## Stored items from a collection
▬▬▬
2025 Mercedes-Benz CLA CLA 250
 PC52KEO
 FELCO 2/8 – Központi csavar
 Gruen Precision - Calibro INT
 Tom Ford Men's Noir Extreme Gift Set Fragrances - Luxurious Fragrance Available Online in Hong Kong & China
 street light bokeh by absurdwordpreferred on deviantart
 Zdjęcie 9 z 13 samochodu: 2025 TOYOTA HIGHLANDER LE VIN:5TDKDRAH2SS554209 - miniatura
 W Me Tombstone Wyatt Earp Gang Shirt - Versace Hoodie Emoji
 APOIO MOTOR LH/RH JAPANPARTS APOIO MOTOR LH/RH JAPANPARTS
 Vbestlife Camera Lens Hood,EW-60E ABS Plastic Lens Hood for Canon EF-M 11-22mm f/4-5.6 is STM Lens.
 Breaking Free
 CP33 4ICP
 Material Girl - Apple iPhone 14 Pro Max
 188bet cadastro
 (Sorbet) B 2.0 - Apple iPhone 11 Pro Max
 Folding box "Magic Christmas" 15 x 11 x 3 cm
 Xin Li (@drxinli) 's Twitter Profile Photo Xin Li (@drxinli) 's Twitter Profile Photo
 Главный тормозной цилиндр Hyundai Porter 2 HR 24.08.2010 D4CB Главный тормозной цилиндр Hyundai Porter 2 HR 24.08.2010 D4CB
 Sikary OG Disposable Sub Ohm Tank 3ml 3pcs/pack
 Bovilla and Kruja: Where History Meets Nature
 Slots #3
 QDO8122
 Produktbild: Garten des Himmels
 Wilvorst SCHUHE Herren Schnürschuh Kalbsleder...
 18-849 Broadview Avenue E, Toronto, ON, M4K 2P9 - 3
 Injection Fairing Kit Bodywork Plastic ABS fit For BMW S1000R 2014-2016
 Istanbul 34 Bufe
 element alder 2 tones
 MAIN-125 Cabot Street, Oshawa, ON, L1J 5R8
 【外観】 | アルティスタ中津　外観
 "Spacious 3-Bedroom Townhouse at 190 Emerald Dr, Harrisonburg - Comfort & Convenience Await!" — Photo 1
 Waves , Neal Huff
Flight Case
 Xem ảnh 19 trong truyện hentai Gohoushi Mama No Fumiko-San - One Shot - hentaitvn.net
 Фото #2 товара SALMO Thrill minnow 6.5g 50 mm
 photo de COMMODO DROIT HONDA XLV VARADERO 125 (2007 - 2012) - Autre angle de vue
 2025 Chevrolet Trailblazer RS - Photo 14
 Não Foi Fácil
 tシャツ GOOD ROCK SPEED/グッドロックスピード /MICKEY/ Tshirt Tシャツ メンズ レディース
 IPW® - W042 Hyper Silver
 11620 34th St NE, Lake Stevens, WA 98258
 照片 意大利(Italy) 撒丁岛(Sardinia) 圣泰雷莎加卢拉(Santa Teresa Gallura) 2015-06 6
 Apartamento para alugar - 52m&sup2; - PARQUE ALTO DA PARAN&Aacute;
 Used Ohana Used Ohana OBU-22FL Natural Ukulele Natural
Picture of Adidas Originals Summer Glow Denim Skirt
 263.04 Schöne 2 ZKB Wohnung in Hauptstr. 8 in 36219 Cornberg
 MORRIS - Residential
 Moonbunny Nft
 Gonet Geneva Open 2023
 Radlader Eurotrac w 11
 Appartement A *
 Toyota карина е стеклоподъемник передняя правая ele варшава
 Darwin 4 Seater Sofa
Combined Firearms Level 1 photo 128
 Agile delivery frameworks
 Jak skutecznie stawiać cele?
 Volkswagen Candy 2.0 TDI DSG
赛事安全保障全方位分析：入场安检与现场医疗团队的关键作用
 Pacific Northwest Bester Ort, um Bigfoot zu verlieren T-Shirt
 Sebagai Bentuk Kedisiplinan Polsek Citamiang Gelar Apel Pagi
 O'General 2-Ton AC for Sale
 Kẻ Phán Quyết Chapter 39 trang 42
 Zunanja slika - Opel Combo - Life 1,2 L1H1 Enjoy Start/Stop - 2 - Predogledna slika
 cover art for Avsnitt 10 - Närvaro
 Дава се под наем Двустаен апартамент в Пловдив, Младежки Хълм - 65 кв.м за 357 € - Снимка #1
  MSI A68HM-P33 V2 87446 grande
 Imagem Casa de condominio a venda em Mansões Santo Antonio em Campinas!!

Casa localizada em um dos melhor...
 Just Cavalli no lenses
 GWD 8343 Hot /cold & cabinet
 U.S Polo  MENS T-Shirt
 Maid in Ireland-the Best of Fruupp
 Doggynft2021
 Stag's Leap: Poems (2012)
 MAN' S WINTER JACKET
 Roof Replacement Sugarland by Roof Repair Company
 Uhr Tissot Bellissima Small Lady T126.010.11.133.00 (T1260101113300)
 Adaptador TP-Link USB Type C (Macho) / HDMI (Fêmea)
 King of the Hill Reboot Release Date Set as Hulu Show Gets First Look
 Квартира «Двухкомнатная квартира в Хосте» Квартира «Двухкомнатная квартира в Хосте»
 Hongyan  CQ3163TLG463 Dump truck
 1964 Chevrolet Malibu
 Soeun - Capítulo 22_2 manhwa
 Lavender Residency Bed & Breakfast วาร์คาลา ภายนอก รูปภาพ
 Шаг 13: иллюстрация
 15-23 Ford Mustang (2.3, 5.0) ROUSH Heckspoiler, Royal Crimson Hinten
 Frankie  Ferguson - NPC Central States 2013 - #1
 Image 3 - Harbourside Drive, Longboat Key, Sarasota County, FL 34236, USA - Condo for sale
▬▬▬
## Problem requirements
Review the entries above and return every line where "Ford" appears.

## Response
 Tom Ford Men's Noir Extreme Gift Set Fragrances - Luxurious Fragrance Available Online in Hong Kong & China
 15-23 Ford Mustang (2.3, 5.0) ROUSH Heckspoiler, Royal Crimson Hinten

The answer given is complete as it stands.